Yeah, totally. I learned this from I interviewed at Amazon years ago, I had a friend who was trying to get me to come to work there and head up some recruiting for him and and they brought me in and you know, behavioral interviewing questions are by far the most accurate way to extract data that’s going to support whether or not somebody should be hired

John Corcoran 9:33

two questions around like, here’s a circumstance what

Rick Girard 9:36

No, those are, those are situational, okay? Those situational can be fudged in light, you know, people can be intuitive and go, Oh, I probably handle the situation this way. Right. Yes, walk me through a time in which you had to deal with this issue. Okay. And what ends up happening is now you’re going into the weeds of how somebody operates. This is fun. far more important than, you know, how would you handle a situation like this?

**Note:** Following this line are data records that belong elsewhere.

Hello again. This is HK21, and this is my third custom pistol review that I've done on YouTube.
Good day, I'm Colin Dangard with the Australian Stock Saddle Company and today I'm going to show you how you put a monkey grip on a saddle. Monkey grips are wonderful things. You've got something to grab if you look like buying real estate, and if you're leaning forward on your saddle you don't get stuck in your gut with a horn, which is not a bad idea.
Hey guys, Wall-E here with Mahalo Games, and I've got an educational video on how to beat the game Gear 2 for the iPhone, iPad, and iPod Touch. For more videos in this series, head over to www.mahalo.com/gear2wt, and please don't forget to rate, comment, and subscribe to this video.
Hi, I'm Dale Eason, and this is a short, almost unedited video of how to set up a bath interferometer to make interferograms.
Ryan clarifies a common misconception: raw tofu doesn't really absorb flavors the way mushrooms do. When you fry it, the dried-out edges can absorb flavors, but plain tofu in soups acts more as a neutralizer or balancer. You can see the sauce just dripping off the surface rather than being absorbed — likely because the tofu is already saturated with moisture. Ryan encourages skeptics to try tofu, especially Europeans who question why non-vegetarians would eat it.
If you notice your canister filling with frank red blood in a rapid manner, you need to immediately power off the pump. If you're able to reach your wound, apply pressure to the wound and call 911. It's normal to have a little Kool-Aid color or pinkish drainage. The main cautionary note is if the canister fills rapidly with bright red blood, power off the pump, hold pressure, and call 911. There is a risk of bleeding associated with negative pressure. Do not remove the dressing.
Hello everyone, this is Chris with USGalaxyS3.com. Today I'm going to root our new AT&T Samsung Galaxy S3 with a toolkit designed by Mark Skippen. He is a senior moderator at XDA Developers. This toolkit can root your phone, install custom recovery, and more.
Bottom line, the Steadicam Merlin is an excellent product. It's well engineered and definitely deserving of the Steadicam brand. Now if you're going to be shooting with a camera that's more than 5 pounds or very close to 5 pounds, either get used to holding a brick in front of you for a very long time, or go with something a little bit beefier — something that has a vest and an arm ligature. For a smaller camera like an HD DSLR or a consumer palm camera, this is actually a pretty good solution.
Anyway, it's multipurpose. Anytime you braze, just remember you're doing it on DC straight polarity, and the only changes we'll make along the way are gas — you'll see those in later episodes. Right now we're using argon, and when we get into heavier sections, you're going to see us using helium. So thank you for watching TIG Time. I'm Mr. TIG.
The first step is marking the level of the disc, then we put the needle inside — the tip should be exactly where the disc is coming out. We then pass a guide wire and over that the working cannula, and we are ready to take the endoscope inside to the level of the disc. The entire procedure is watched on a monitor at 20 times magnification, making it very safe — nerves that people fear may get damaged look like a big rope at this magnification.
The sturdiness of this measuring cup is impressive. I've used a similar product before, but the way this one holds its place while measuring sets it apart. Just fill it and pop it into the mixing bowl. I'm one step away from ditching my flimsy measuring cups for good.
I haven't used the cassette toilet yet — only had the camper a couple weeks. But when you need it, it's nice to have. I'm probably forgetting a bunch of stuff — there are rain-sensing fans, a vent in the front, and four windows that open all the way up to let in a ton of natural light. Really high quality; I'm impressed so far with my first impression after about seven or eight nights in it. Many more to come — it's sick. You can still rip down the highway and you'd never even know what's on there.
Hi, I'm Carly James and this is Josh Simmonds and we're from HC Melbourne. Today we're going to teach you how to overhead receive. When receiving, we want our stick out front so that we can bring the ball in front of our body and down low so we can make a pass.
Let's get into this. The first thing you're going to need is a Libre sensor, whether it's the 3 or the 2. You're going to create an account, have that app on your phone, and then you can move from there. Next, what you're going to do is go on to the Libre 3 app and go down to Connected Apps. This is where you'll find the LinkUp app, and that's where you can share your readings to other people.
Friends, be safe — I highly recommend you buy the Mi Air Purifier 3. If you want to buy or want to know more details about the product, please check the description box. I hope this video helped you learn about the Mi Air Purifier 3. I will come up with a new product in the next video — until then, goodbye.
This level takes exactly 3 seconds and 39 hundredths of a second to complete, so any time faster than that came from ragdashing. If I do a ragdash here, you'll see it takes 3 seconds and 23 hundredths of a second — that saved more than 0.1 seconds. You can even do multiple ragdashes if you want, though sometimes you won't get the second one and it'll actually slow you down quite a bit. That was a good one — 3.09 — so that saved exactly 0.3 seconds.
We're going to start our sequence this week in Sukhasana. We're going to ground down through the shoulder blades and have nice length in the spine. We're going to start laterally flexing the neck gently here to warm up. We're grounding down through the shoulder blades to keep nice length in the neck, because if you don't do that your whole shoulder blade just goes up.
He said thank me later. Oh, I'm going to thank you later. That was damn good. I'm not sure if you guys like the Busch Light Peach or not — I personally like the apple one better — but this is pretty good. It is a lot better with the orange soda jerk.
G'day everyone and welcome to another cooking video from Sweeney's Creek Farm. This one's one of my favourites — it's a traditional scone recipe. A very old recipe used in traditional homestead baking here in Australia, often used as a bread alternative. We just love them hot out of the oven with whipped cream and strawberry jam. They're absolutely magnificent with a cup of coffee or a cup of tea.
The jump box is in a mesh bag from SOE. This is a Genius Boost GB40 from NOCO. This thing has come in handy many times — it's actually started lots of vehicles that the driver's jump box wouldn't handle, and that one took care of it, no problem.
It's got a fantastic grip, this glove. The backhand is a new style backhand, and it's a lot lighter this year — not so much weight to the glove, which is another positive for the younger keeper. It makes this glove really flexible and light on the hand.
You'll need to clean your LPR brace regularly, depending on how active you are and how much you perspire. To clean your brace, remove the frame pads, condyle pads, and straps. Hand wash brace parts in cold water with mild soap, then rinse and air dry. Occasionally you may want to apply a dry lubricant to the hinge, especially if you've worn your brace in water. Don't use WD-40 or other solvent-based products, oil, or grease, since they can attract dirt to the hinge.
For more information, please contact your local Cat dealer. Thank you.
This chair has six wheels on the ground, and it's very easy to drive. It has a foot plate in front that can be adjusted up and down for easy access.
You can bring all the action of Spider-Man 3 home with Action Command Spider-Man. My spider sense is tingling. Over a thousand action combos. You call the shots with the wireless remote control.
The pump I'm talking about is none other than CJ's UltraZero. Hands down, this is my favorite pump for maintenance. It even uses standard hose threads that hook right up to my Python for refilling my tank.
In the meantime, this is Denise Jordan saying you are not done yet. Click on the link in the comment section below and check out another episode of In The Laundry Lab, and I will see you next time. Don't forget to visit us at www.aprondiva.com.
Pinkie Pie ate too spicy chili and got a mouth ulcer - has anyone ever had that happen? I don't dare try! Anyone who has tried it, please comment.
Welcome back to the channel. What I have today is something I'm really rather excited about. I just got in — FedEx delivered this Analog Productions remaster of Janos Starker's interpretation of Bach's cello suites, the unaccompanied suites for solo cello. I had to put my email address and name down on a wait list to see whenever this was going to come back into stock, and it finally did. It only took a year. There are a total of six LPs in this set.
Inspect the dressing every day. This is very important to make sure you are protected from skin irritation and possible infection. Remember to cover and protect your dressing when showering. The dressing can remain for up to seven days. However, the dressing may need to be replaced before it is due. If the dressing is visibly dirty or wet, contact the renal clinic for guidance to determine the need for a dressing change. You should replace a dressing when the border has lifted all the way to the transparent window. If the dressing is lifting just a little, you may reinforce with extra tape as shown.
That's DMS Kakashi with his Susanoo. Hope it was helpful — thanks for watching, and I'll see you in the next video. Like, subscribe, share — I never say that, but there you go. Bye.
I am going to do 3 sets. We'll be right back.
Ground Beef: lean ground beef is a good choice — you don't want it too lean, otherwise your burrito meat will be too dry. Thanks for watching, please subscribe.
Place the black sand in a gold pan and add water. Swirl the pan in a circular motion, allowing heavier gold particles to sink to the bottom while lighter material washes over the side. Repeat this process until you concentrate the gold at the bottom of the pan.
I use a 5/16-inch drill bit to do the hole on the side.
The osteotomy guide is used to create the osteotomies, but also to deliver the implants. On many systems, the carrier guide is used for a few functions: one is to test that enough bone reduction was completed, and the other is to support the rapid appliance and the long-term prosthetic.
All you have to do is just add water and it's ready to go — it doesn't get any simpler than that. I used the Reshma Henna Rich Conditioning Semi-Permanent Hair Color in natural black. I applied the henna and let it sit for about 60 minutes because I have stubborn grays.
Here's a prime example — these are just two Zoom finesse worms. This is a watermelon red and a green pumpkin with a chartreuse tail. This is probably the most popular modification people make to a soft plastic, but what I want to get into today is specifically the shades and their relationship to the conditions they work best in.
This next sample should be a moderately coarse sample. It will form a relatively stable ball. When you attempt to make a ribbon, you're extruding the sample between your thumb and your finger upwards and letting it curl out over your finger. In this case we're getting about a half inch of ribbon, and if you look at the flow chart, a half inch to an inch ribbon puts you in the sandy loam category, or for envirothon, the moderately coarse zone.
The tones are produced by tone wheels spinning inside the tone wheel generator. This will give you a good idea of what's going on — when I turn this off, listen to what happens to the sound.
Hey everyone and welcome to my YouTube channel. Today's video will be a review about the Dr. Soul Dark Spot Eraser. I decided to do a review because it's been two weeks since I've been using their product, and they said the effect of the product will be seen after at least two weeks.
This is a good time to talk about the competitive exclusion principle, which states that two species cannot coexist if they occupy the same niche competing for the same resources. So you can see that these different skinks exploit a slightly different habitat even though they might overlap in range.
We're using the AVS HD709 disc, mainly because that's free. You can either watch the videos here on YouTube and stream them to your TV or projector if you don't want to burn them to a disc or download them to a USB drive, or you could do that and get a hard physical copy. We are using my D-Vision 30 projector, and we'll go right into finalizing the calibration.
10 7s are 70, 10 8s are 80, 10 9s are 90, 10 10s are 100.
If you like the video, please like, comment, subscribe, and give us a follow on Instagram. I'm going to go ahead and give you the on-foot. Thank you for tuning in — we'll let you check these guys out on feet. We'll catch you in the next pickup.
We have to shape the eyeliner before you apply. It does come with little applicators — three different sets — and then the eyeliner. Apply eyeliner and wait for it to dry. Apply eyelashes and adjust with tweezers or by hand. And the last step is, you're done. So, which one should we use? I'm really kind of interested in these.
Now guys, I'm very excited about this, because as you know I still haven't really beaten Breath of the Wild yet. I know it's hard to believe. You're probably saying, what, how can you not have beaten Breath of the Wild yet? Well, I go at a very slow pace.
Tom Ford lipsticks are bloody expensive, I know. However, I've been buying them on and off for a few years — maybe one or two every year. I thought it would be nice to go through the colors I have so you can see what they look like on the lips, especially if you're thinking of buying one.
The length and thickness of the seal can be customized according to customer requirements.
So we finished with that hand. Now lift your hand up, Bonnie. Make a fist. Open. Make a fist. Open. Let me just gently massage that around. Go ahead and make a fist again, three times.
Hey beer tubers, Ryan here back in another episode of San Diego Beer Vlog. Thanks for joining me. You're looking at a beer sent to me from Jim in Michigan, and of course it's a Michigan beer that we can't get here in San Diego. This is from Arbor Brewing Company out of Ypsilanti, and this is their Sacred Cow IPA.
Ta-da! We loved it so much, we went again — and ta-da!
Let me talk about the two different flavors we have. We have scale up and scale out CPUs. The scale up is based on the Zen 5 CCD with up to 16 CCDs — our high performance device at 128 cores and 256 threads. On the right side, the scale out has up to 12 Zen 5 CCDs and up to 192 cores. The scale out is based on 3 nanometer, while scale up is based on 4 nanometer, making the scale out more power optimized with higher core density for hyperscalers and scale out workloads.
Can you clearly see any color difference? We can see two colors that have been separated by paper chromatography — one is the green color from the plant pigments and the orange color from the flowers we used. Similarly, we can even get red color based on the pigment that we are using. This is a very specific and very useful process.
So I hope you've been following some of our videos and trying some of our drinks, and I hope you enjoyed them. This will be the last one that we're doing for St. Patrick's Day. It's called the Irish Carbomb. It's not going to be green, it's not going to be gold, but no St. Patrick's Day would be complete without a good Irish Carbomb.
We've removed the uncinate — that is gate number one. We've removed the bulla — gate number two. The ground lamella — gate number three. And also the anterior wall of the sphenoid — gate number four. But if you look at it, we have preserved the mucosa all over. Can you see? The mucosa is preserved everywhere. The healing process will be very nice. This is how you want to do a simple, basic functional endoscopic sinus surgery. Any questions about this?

Because again, somebody can kind of read your cues, and they can lie, and they can totally work their way through it. But what they can’t fake is exactly the work that they’ve done and how they did it. And what I found is that eight players, like people who are really strong performers can tell you step by step exactly how they do things. You know, I’ve, so first I saw this problem over here. And then I brought in X, Y, and Z, and we were able to tackle that problem. But then another problem rose up, and we were able to like, did it, and they’ll walk you through how they actually solved that problem, and created value for the company. That doesn’t happen with with really any other type of interview. And that’s the most valuable content, you can make decisions on, when you walk out of an interview, you should be able to say, thumbs up or thumbs down, that, you know, based on that interview, every person should be able to do that. If you can’t do that, you’re asking the wrong questions. You know, too many times I’ve been sitting in debriefs really go I don’t know. I mean, I kind of liked the person’s vibe, they have great skills, let’s just give them a shot. You’re better off just walking into the interview flipping a coin and going head, you’re hired tails, you’re not.

John Corcoran 11:23

Right, so So let me ask. So if you have a company that has a core value of, you know, constant learning, I’ll use one of our core values. So one of our core values is how to continue learning. Yeah. So then, is what you advise that each interview question for each of those core values should be a behavioral question around that. So tell me about a time when you didn’t know how to do something within your last role. And you had to learn how to do it. Like, that’d be a good example.